Activity:
Every entry must appear in the answer exactly as it does here.

(Brief descriptive captions)

* * *

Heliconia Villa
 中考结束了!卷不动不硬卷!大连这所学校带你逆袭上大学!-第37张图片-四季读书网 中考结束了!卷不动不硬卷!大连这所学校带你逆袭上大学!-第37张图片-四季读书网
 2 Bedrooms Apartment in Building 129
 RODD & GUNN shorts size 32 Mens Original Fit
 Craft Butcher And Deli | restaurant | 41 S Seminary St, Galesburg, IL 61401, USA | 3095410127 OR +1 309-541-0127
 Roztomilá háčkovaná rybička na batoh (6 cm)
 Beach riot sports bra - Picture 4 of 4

* * *

Answer for the task:
Heliconia Villa
 中考结束了!卷不动不硬卷!大连这所学校带你逆袭上大学!-第37张图片-四季读书网 中考结束了!卷不动不硬卷!大连这所学校带你逆袭上大学!-第37张图片-四季读书网
 2 Bedrooms Apartment in Building 129
 RODD & GUNN shorts size 32 Mens Original Fit
 Craft Butcher And Deli | restaurant | 41 S Seminary St, Galesburg, IL 61401, USA | 3095410127 OR +1 309-541-0127
 Roztomilá háčkovaná rybička na batoh (6 cm)
 Beach riot sports bra - Picture 4 of 4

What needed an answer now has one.